ちょうど、1週間前に、テレビの「こころの時代」で聞いた言葉です。
回りの流れに身を任せて、しかし思うがままに生きていくというのが、私の理想なのですが、そうしたことにつながっている言葉なので、心に残っていました。
随流去。
流れに従って去る、という言葉ですが、これは大梅禅師の言葉として伝えられています。
大梅禅師は、長い期間、山に篭って行をされていたことで有名な唐の時代の高僧です。
杖になる木を探しに山に入ったある修行僧が、路に迷ってしまいます。
そして、たまたまたどりついた大梅禅師の庵で、「山を抜け出るにはどちらに行ったらよいでしょうか」と訊いたところ、大梅禅師は「随流去」と応えたという話です。
「流れに随って去(ゆ)きなさい」、大梅禅師は川に沿って行けば山を抜け出られることを教えてくれたのです。
川の水は低いほうに流れていきますから、その流れに沿って歩いていけば里に導かれるというわけです。
この言葉には、自分の判断ではなく、大きな真理に従って歩いて行けばいい、という意味が込められています。
真理は、川の流れのように、どんな状況にも揺らぐことなく、ぶれることなく低きに向かって流れていきます。
壁にぶつかっても、必ず進路を見つけ出していくのです。
これは、私が目指している生き方そのものです。
十分に出来ているとは思いませんが、私ができるだけ直感を大事にしているのは、生命には真理が宿っていると思っているからです。
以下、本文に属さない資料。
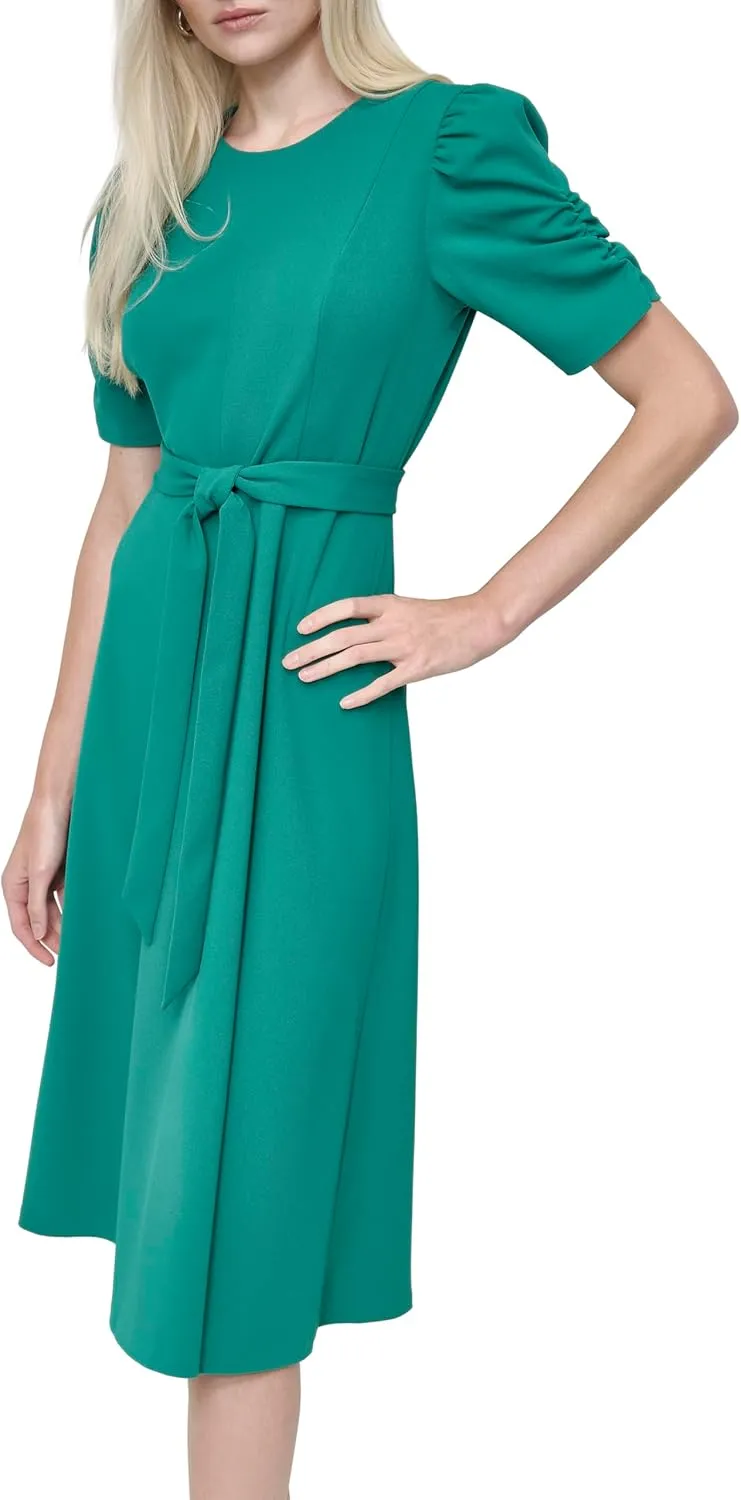 DKNY Women's Jewel Neck Scuba Crepe Dress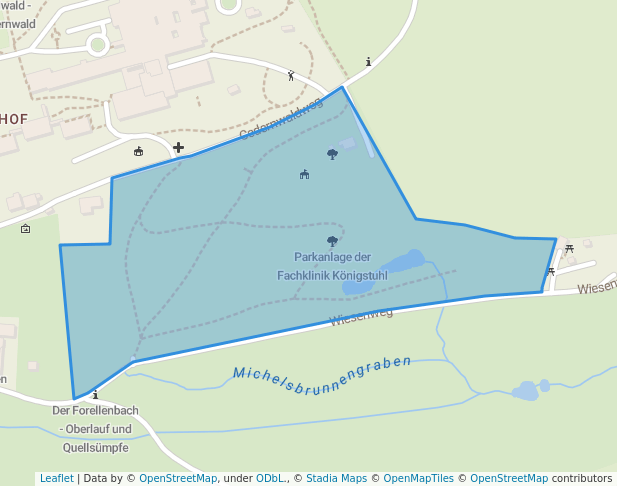 walking in Parkanlage der Fachklinik Königstuhl map in Heidelberg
もちろん、流れに随っていくことは、流れに流されることは違います。
心を安らかにして思いを発すれば、流れの本流が見えてくるものです。
なぜこんなことを書こうと思ったかといえば、最近、どうも大きな流れではない、小さな流れに惑わされがちだからです。
節子がいなくなったのも、大きな流れから見れば、きちんとした意味を持っているのでしょう。
右往左往してはいけない。
そのことを、節子は私に教えていってくれたはずです。
節子がいなくなった今も、大きな流れは滔々と流れているのです。
随流去。
流れに随うならば、最近の不安感は消えていくような気がしてきました。
節子の生き方を思い出さなければいけません。